Vicky Bowman served as British Ambassador to Myanmar from 2002 to 2006, and was a Yangon-based diplomat for seven years in total. From 2011 to 2013, she was employed in the private sector by Rio Tinto. Since October last year, she has been Director of the Myanmar Centre for Responsible Business, formed jointly by the Institute for Human Rights and Business and the Danish Institute for Human Rights. A core aim is to promote awareness of the UN Guiding Principles on Business and Human Rights (unanimously endorsed by the Human Rights Council in June 2011). Externally, MCRB works particularly closely with the ILO and OECD. Internally, it partners both with government and civil society. On a daily basis, it links with companies of all kinds, and seeks broadly to support the UN Global Compact local network formed following Ban Ki-moon’s visit to Myanmar in April-May 2012.

We talked first about the different needs of different companies. Major western corporations tend to be up to speed with the responsible business agenda, and often seek advice on who talk to talk to, how to work with government, and how to partner with civil society. Asian companies, under little scrutiny at home, are less aware of or concerned by international standards. However, problems at Letpadaung copper mine have made them realize that Myanmar communities now have more freedom, and are mustering the courage to stand up and demand an end to bad practice. Leading local businesses are beginning to embrace greater transparency, and a forthcoming MCRB scorecard on what they publish regarding company structure, corruption, health and safety, human rights and land is focusing minds. To date, small companies remain broadly unaffected by the responsible business agenda, unless there is a chance they could become part of a top western corporation’s supply chain.

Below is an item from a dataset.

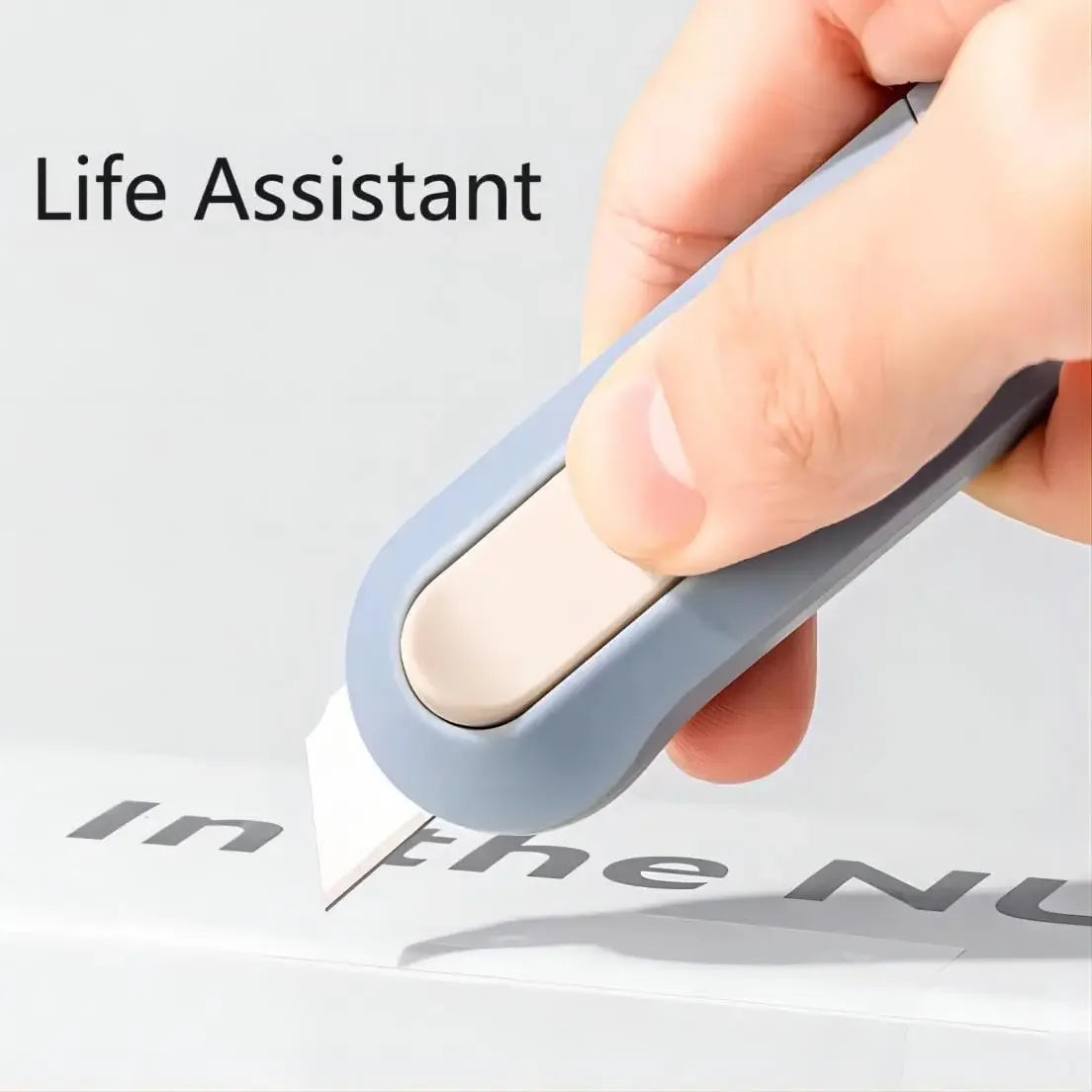 Retractable Box Cutter Multi-Function Office Home DIY Tool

One issue that came through very clearly in our discussion is the long shadow cast by Letpadaung. On the positive side, Myanmar Wanbao is seeking to implement the terms of its revised agreement with the Myanmar government. One small indicator of this is its website, which hosts a range of important information, including a draft economic and social impact assessment running to 300 pages, plus 2500 pages of annexes. Increasingly, this kind of transparency will become standard practice once the government issues long-awaited ESIA rules requiring consultation and publication. On the negative side, there is a danger that Letpadaung will foster the emergence of a compensation culture in Myanmar, which has latterly become a dominant issue in debate. MCRB is bringing in comparative experience, for instance of companies adopting more genuine community engagement in Peru, to show that obtaining and retaining social licence to operate is rarely fixed just by spending money.

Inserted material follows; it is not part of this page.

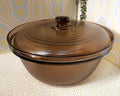 Arcopal: Smoked Glass: Lidded Casserole 3.8L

Connected to this are two ongoing MCRB sector-wide impact assessments of oil and gas and tourism (with agriculture and ICT to follow). These will recommend that to avoid negative impacts and poor relationships companies must go beyond government liaison and establish direct contact with communities. They will also advise the government, still often reluctant to lose control, to encourage this. In many respects, the problem Myanmar Wanbao faced in Letpadaung was that it failed to develop meaningful community ties enabling managers to understand and respond to local grievances. Now it is seeking to correct that, for instance by guaranteeing jobs to people who have lost land, though this too could be problematic because many affected families never owned land in the first place. A general commitment to source unskilled labour from the local community might be a better way forward.

We closed by discussing the general change registered in Myanmar’s business climate during the reform years. One highlight is ILO engagement not only in working to eliminate forced labour, but also in facilitating the implementation of new labour laws. Its Freedom of Association Programme, launched in June 2012, has already helped as many as 940 trade unions to form across the country. But there are also many ongoing challenges for business, particularly in the two critical areas of electricity and land, and in the overarching need to create more jobs for a population desperately seeking a significant boost in life chances.